Les agressions commises à l’égard des femmes au sein du foyer se répercutent souvent sur les enfants et peuvent même conduire au décès. En Espagne seulement, huit enfants ont cette année perdu la vie à cause de cette violence, et l’année n’est pas terminée. La plupart d’entre eux ont été tués pour se venger de la mère, selon les données de l’observatoire d’état sur les violences faites aux femmes.  Il faut signaler cependant le contraste existant avec les chiffres de 2016, année au cours de laquelle un seul mineur avait été tué. En France en revanche, cette même année, 25 mineurs ont perdu la vie à la suite de ces violences.

Dans l’état australien de Nouvelles Galles du Sud, 65 enfants ont perdu la vie entre 2000 et 2014 selon une étude réalisée par l’institut de médecine légale de l’état concerné.

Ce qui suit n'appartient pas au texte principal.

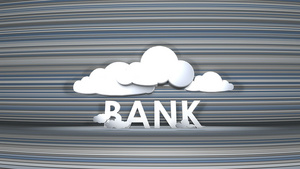 云层银行业概念动画9秒视频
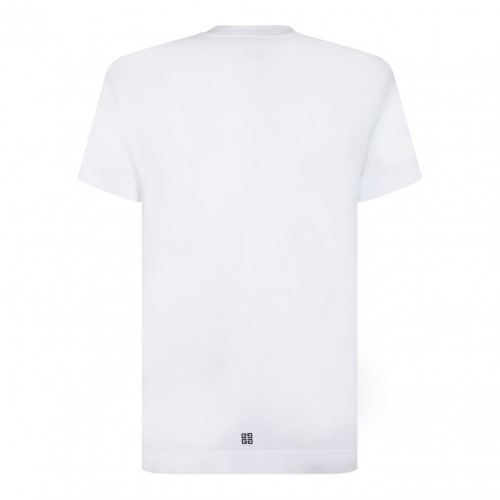 White Logo Print T-Shirt 2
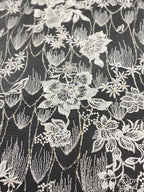 Botanical Sequin Embroidered Bridal Fabric – Design 78943 — fabric photo 3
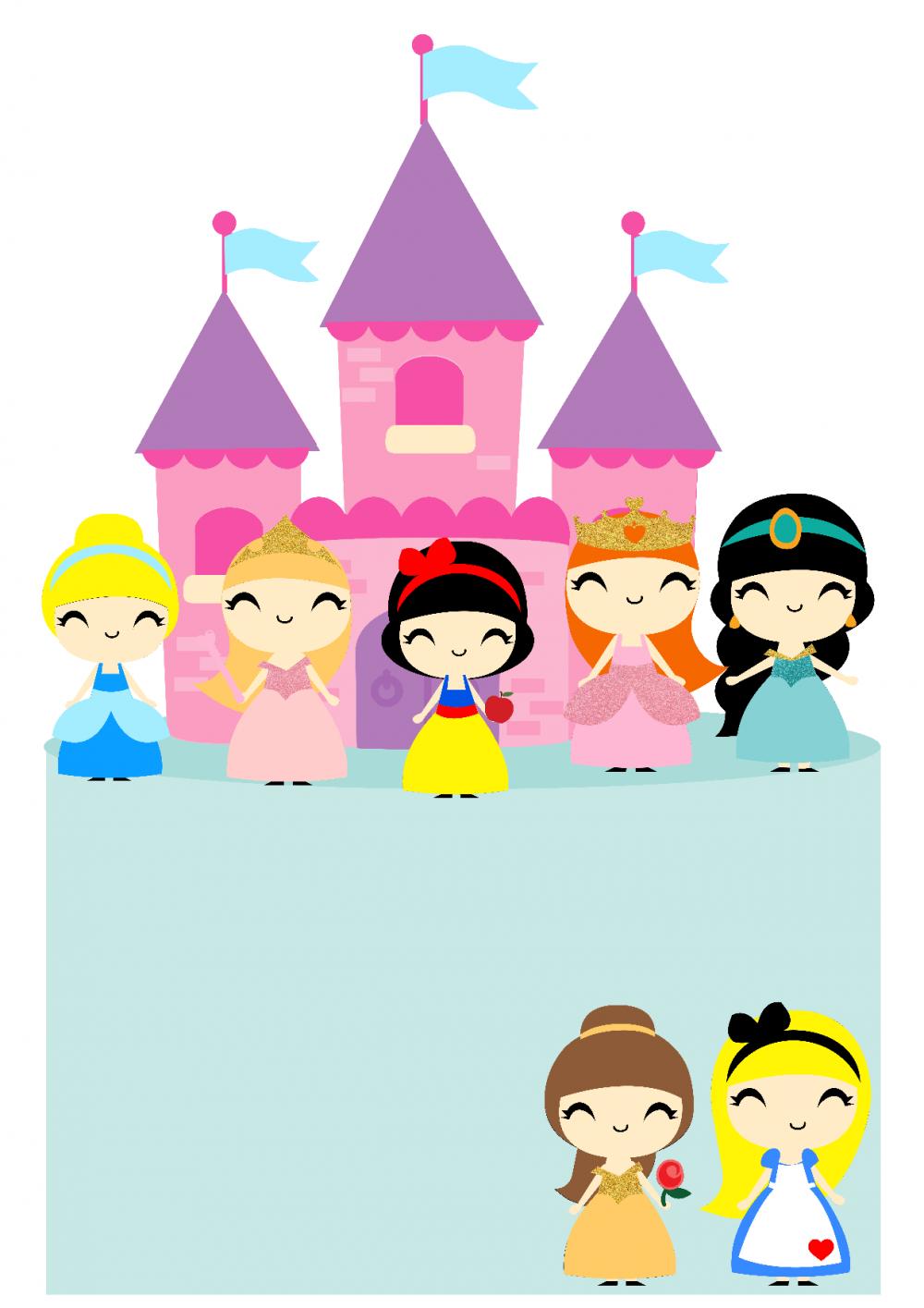 Arquivo de corte topo de bolo princesas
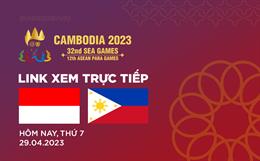 Trực tiếp Indonesia vs Philippines link xem bóng đá VTV5 SEA Games 32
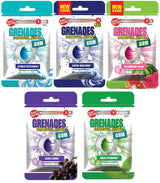 Grenades GUM Explosively Strong Sugar-Free Gum - Intense Minty Blast That'll Blow You Away - Nose Blasting Power & Breath Freshener - Fruit & Mint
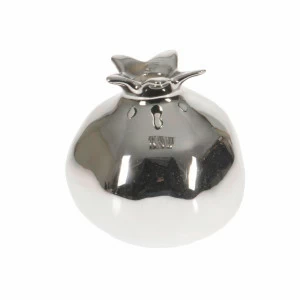 Ваза Гранат серебристого цвета TO4ROOMS - 212485 Серебро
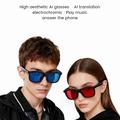 E05 AI Smart Glasses with Translation Support - Black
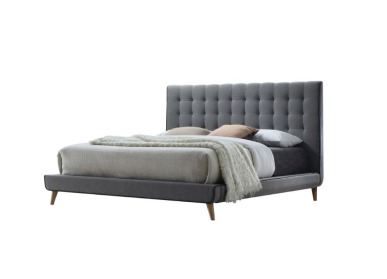 Luxe Grey Bed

Ces chiffres sont le produit d’une épidémie qui se répand en silence, sans distinction de religion, de race, de niveau social ou de pays. En Afghanistan par exemple, plus de la moitié des mineurs de cinq ans et moins vivent dans un foyer dont la mère est victime de cette violence de couple. Au Royaume Uni, 750.000 mineurs sont chaque année témoins de violences familiales. En Israël, ils sont 500.000 à être exposés à ces violences, et seulement 2.000 cas sont rapportés aux autorités. Aux États-Unis enfin, 10 millions d’enfants vivent avec un parent maltraitant.

Marqués pour la vie

Un enfant témoin des violences subies par sa mère, ou pire, témoin de sa mort, va d’abord faire l’expérience de cauchemars récurrents. Mais au fur et à mesure que se répètent ces violences, le système nerveux et immunitaire de l’enfant peut être gravement perturbé. Selon certaines études, cela pourrait entraîner divers désordres au plan social, émotionnel et cognitif, en plus de causer des problèmes gastro-intestinaux, des allergies, un niveau de stress élevé, ainsi qu’un retard de croissance et dans l’acquisition du langage.

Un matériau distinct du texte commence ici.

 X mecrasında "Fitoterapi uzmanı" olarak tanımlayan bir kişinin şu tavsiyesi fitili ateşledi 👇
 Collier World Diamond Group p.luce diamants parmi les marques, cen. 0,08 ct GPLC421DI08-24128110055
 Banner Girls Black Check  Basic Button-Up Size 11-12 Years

Il faut cependant distinguer les divers groupes d’âge : les enfants de cinq ans et moins – qui estiment être responsables des conflits existant entre leurs parents – sont le groupe le plus vulnérable. En plus de présenter des troubles du sommeil, ils peuvent aussi avoir des troubles alimentaires, des épisodes de pleurs incontrôlables, de la tristesse, des problèmes de poids et de contrôle du sphincter.

Les enfants de 6 à 12 ans peuvent quant à eux souffrir de dépression, de perte de l’estime de soi, d’anxiété, d’isolement et avoir de mauvais résultats à l’école.

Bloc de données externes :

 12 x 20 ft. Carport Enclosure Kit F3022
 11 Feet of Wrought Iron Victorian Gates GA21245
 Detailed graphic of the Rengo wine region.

Quels sont les foyers concernés?

Les violences familiales concernent tout le monde, quel que soit son niveau social et économique. Les foyers les plus à risques sont cependant ceux où les parents ont le plus faible niveau d’éducation et de revenus et une importante promiscuité au sein de la famille. « Les parents violents sont davantage jeunes, parents isolés et pauvres. Il est probable que ce violences sont liées au stress causé par la pauvreté, le chômage et l’isolement social » explique le rapport sur la violence contre les garçons et les filles.

Diverses études soulignent que l’âge de la mère peut être un facteur aggravant de violence – plus elle est jeune, plus elle peut en être victime – de même que l’abus d’alcool ou d’autres substances. Au Canada par exemple, les experts signalent que les femmes dont le conjoint abuse de l’alcool ont cinq fois plus de risques d’en être la victime, comparées à celles qui vivent avec un conjoint sobre.

Volonté et travail, les clés pour un avenir meilleur

Sachant ce que l’on sait, toutes les sociétés et tous les pays doivent s’engager à mettre un terme à ces violences à l’égard des femmes et des enfants. Pour y parvenir, il faut d’abord une volonté politique, ainsi que la mise en œuvre de partenariats stratégiques – tels que l’agenda 2030 –  permettant d’améliorer les politiques de l’enfance et d’aller vers plus de qualité de vie. Veiller à la bonne santé mentale des enfants est l’une des obligations fixées par l’agenda de développement durable. Les enfants dont la mère est victime de violence sont plus enclins à souffrir de troubles du comportement, lesquels peuvent à leur tour être la cause de violences, donnée ou subie, plus tard dans leur vie.

Il nous appartient à tous de briser ce cycle.